CIVITAVECCHIA - Un voto unanime del consiglio comunale affinché si apra un confronto con tutti i soggetti interessati sulla futura destinazione delle aree occupate dal polo energetico che sia la più idonea a garantire lo sviluppo economico e sociale dell’intero territorio. È questa la richiesta contenuta nella mozione depositata dal gruppo consiliare del Partito democratico. Una mozione che segue quella urgente presentata dal capogruppo della Lista Grasso, Fabiana Attig, con la quale si mette in evidenza la necessità di applicare a Civitavecchia tutti gli strumenti relativi all’area di crisi industriale complessa.
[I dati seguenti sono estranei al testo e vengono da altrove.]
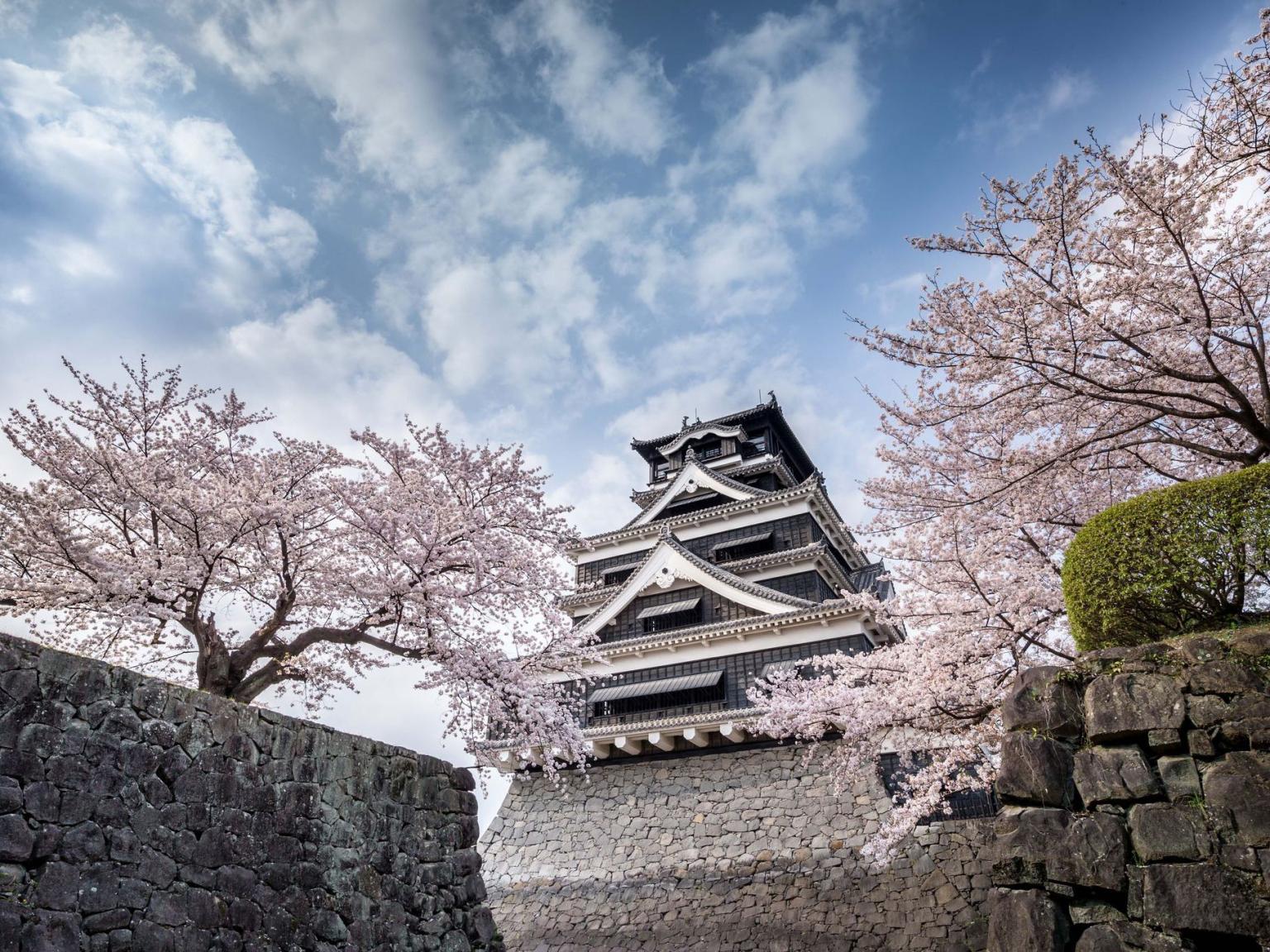 熊本城の画像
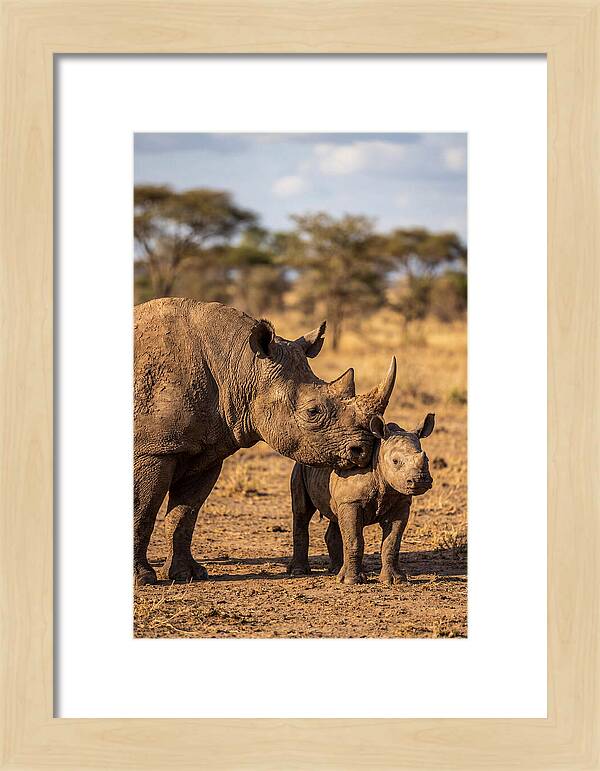 African Rhino Mother And Calf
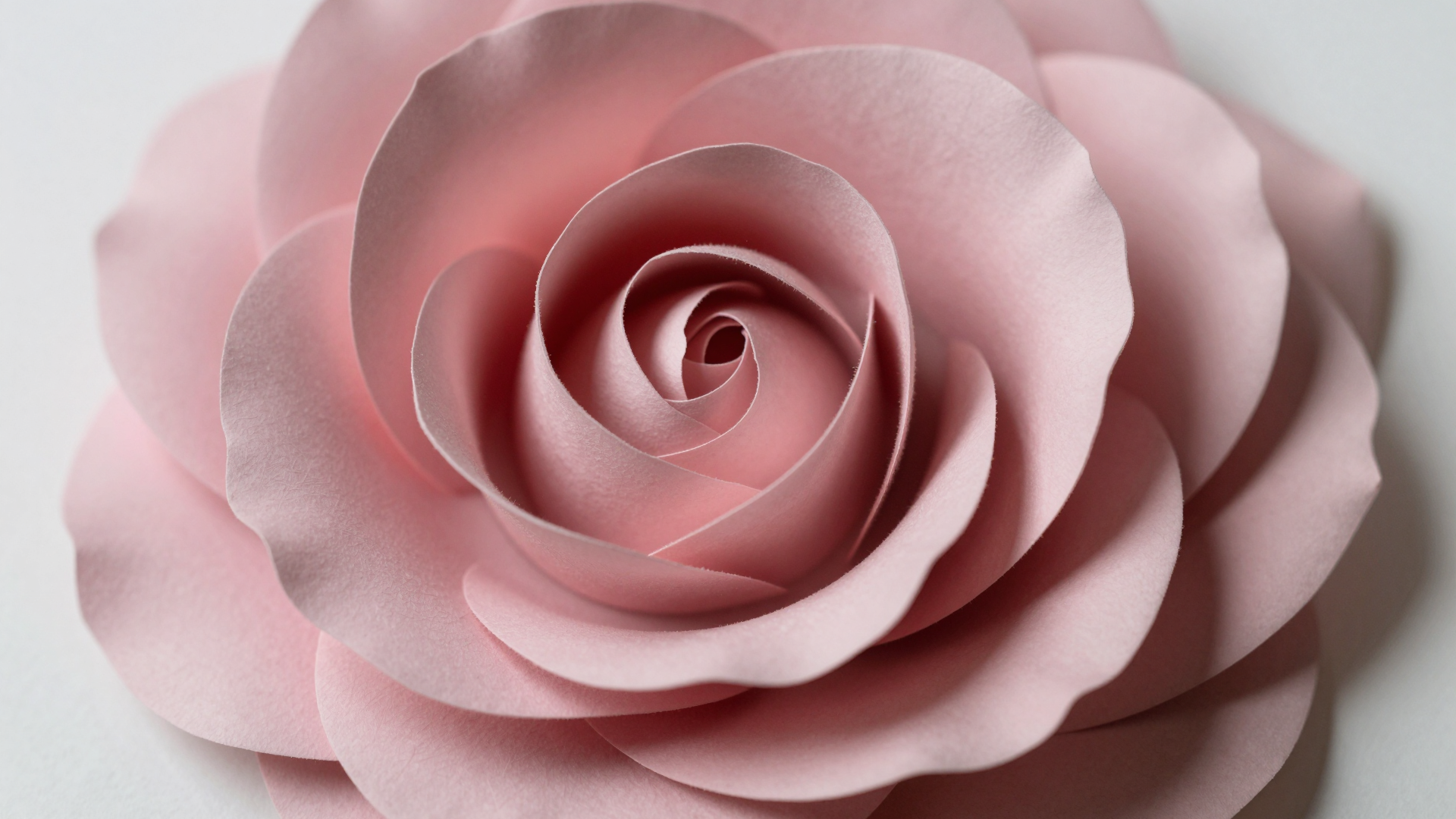 Delicate Pink Rose Blossom with Soft Layered Petals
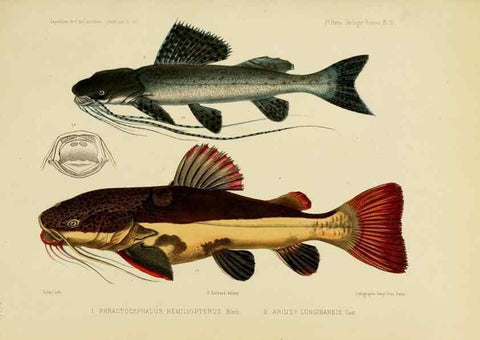 Reproducción/Reproduction 49813751548: Expédition dans les parties centrales de l'Amérique du Sud. Paris :Chez P. Bertrand,1850-1859.. 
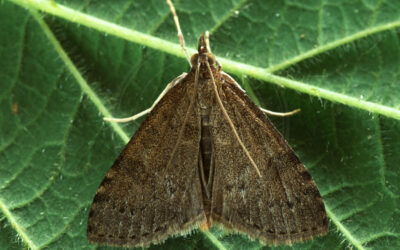 Slåenhalvmøl Udea prunalis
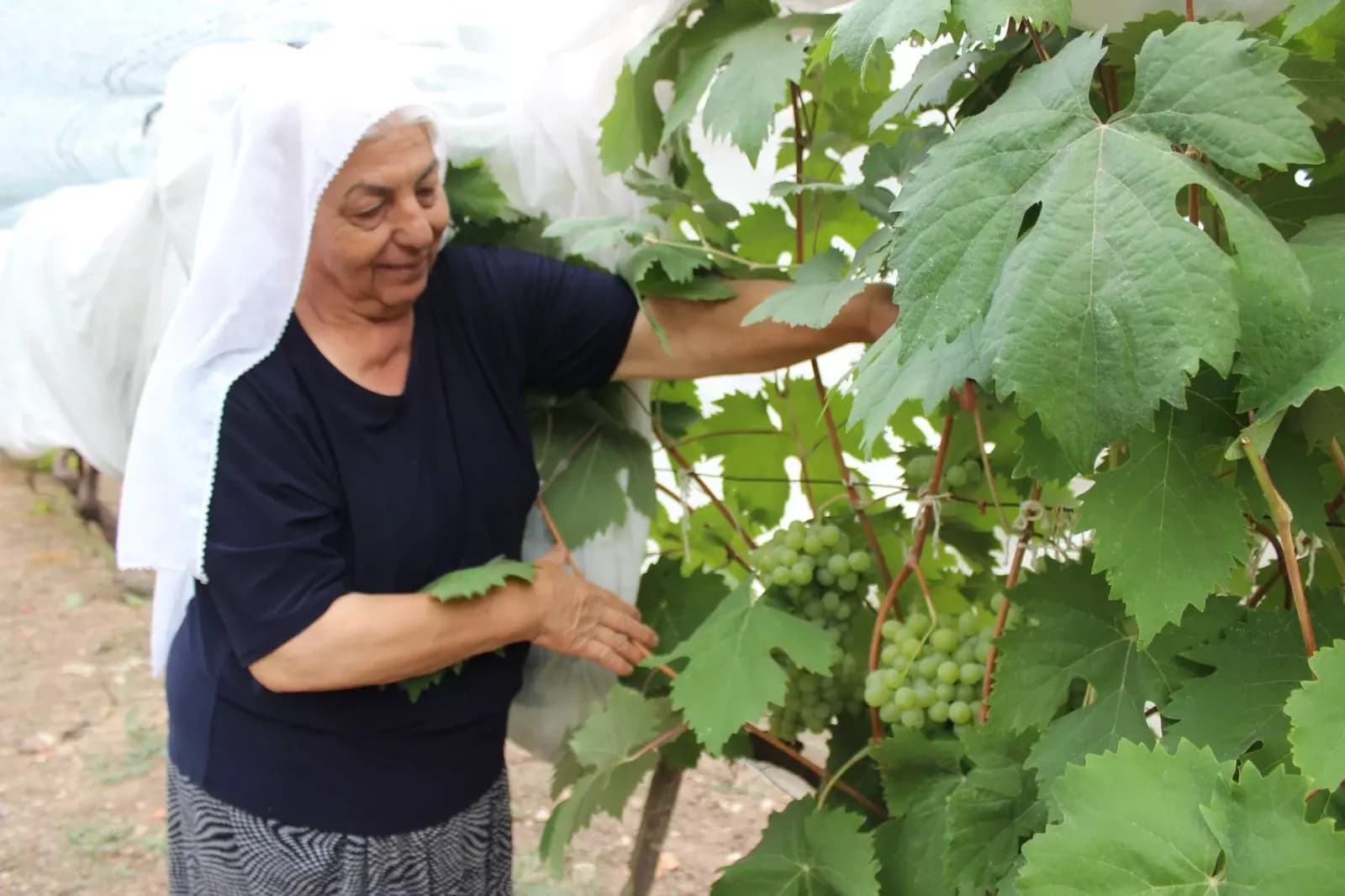 “Yazıköy Üzüm Günü” düzenleniyor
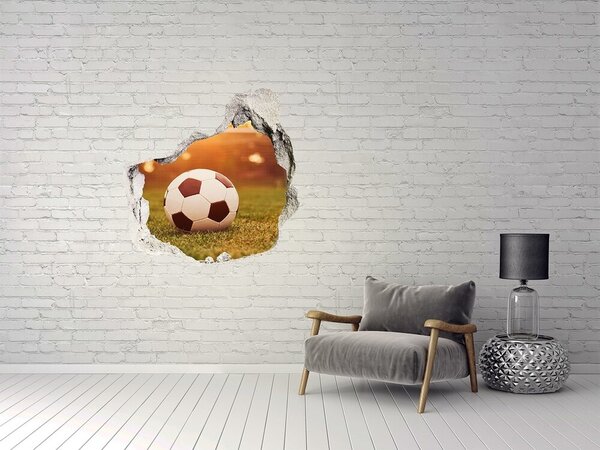 Fototapeta díra na zeď 3D Míč na hřišti nd-p-66115658
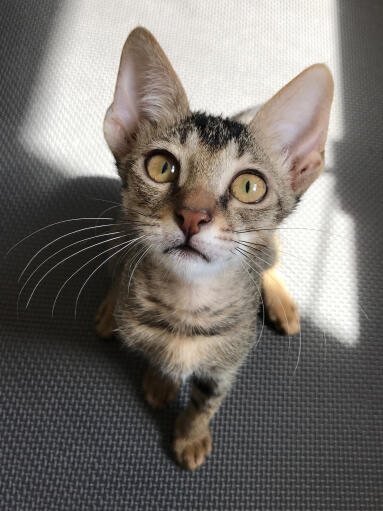 Arabische mau kat zit met grote ogen omhoog te kijken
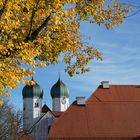 Goldener Herbst 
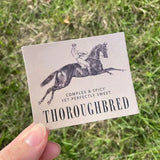 Dapplebay OTTB Sticker Pack - Breeches.com - Flyclothing LLC
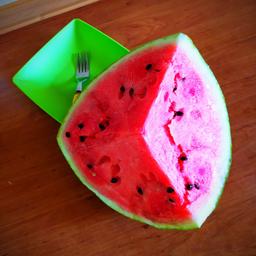 برای هم بیا هندونه گردیم . . .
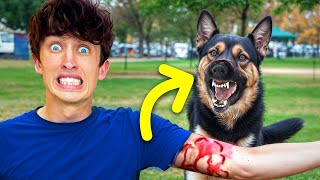 I got attacked by a dog! by LOL Podcast  227,796 views 1 month ago 46 minutes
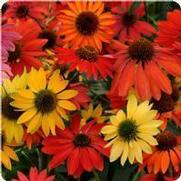 Echinacea purpurea 'Cheyenne Spirit' Echinacea purpurea 'Cheyenne Spirit'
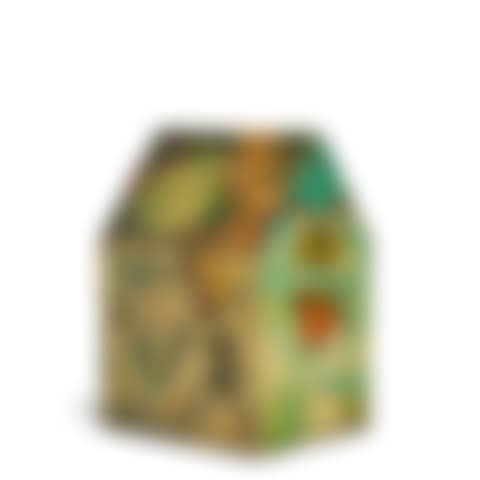 Untitled (House) (preview)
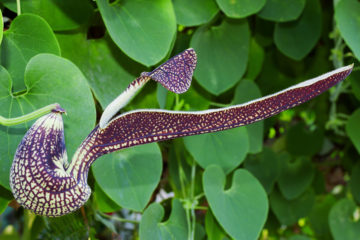 aristolochia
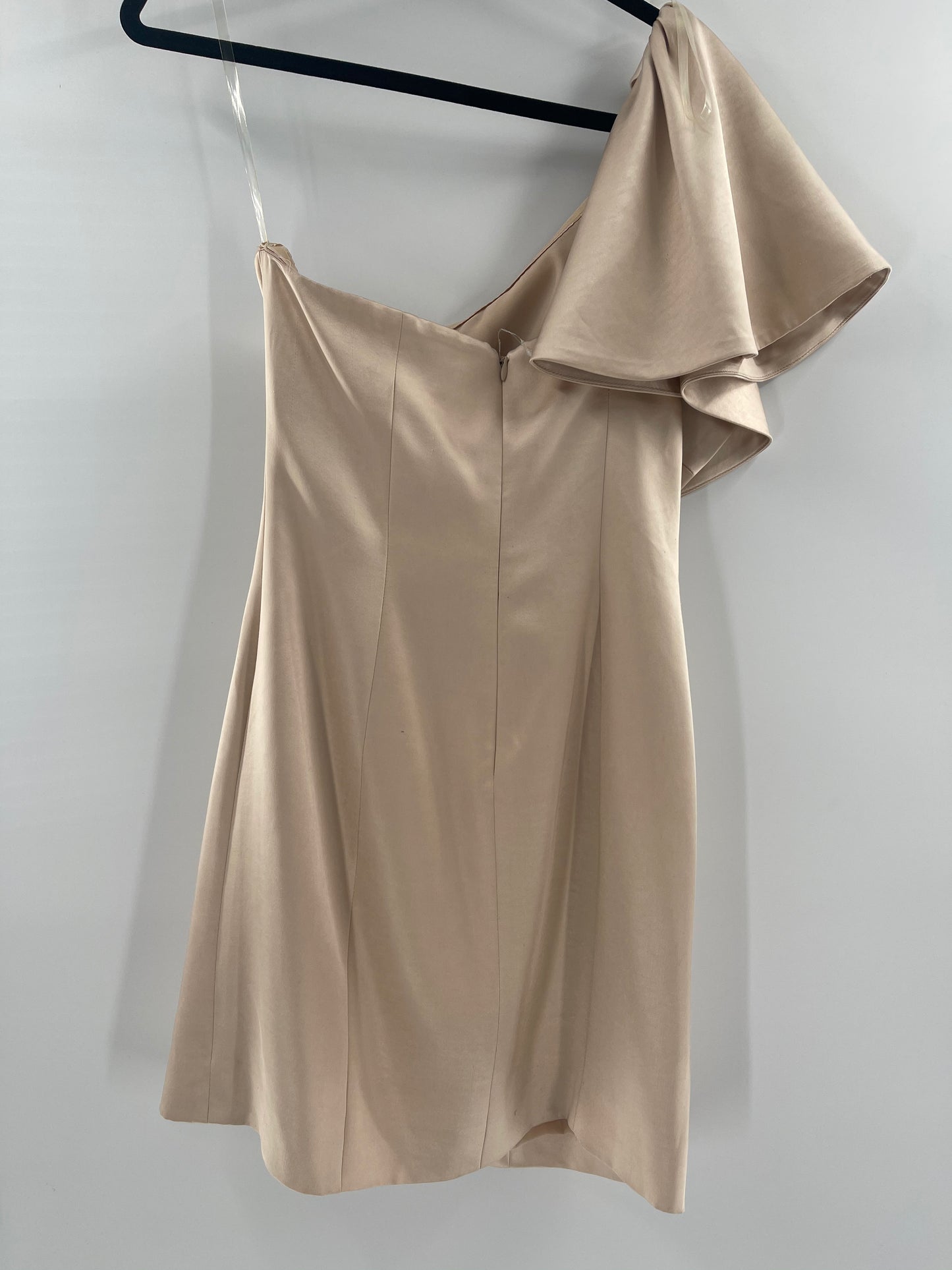 Fame and Partners X Free People Champagne Dress (4)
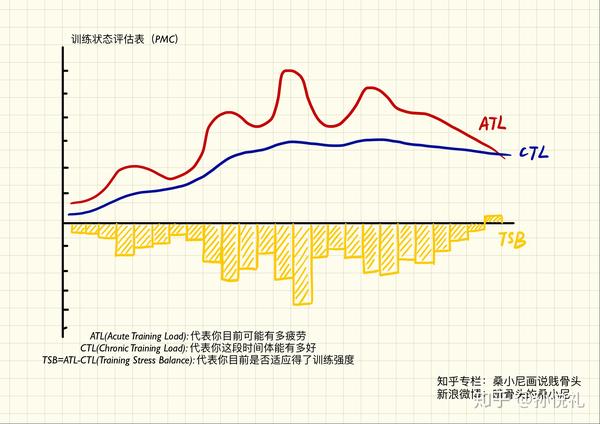 运动能提高免疫力吗?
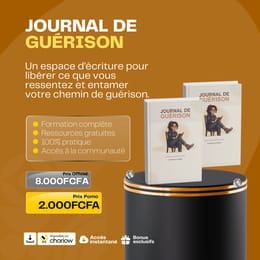 Journal de guérison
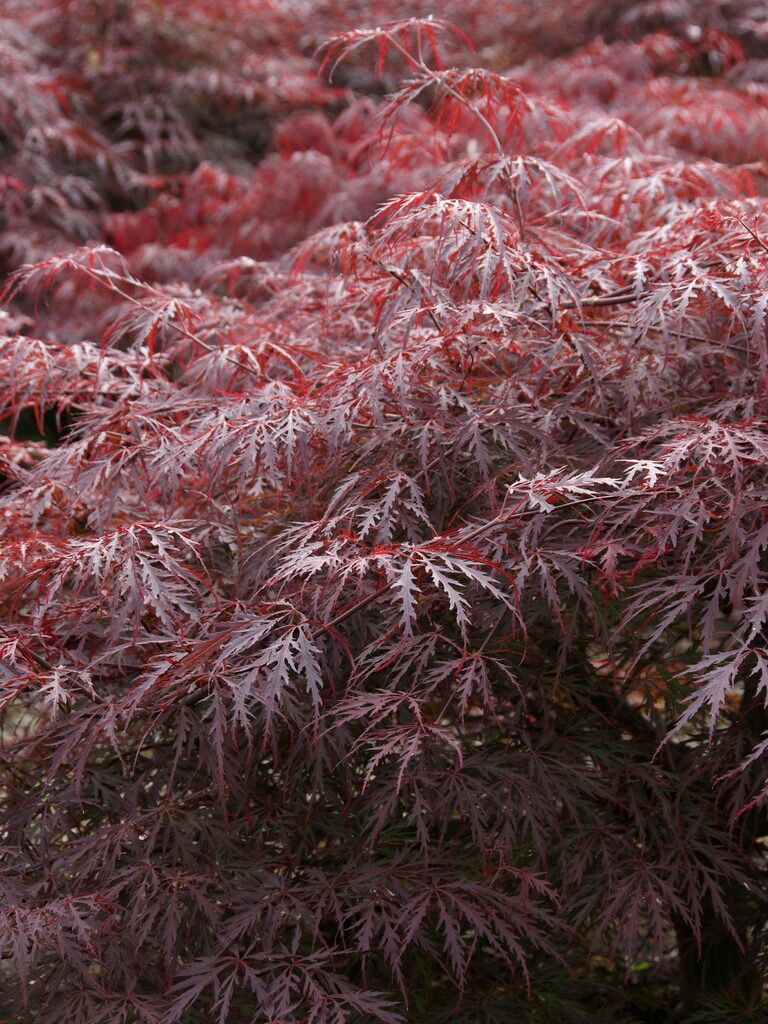 Flikbladig japansk lönn 'Garnet' 10 liter 80 MPS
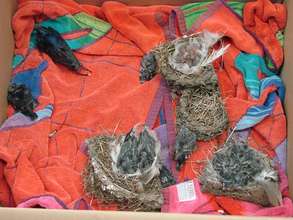 Swallows orphaned after the use of Tangle Foot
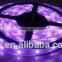 cheap led strip light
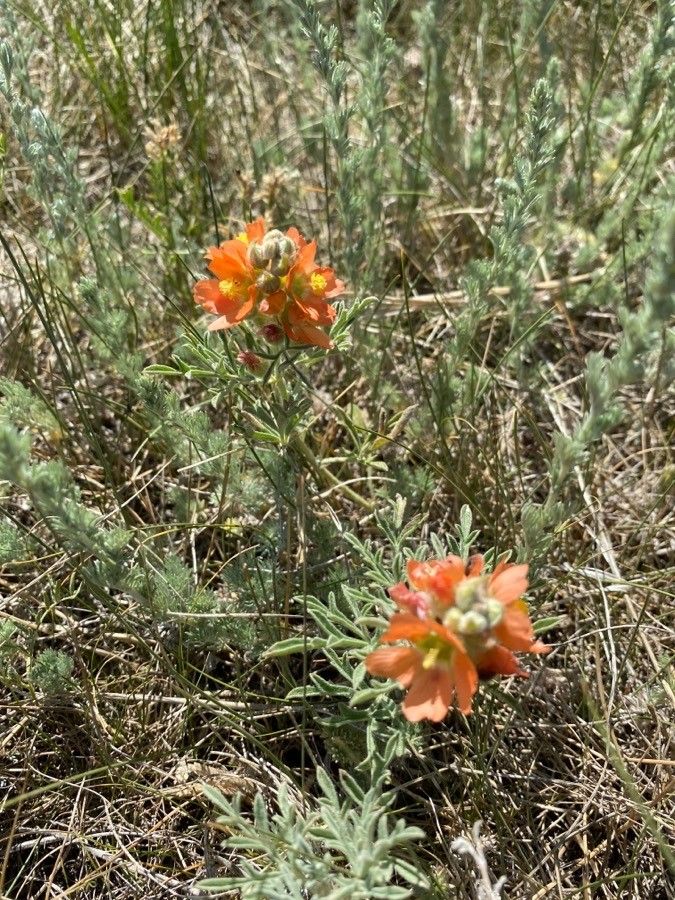 Sphaeralcea coccinea flower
Con il documento sottoscritto da Marina De Angelis, Marco Di Gennaro e Marco Piendibene si ribadisce come si debba andare all’individuazione di un percorso che garantisca la continuità se non addirittura l’incremento dell’occupazione da qui alla data di cessazione della produzione di energia, relativamente al futuro della centrale di Torre Nord, in vista della dismissione dell’utilizzo del carbone, con Enel che ha presentato un progetto di riconversione con la creazione di quattro gruppi a metano. Un futuro senza centrali, secondo il Pd, considerando soprattutto che «le aree destinate al polo energetico, di  oltre 150 ettari - si legge - sono poste in posizione di pregio e confinanti con quelle del porto. Quindi, per loro naturale vocazione devono essere destinate allo sviluppo dello stesso ed in particolare alla loro vocazione logistica. L’Enel è stato, anche se minoritario al 25%, contitolare della concessione delle aree portuali,  dette Grandi Masse, ma nulla ha fatto per realizzare le opere in esse previste». I tre consiglieri dem ricordano «l’impegno sottoscritto da Enel di investire 300 milioni di euro in energie alternative, investimenti che avrebbero dovuto assicurare alla città il massimo coinvolgimento dell’imprenditoria locale con una ricaduta diretta ed indiretta di circa 80 milioni di euro» e «l’impegno disatteso da Enel di insediare nel territorio cittadino le imprese start-up vincitrici di un bando indetto dalla stessa Spa nonché l’impegno di restituire alla città l’area di circa 40 ettari utilizzati come parco nafta non più necessaria a seguito della riconversione a carbone». Ed ipotizzano appunto un’uscita dal carbone che non significhi necessariamente una riconversione, l’ennesima, della centrale, quanto piuttosto la riqualificazione di quelle aree, per uno sviluppo più rispondente alle aspettative e alla vocazione del territorio e del suo porto. D’altronde De Angelis, Di Gennaro e Piendibene hanno ribadito che la città «ha subito le servitù connesse al Polo energetico per oltre 60 anni - hanno spiegato - con un ritorno occupazionale di tre volte inferiore rispetto a quello degli standard nazionali». Non ci sarebbe motivo, quindi, per proseguire su questa strada. Ecco perché si chiede il coinvolgimento del consiglio tutto per un confronto serio e concreto sulla futura destinazione delle aree occupate dalla centrale.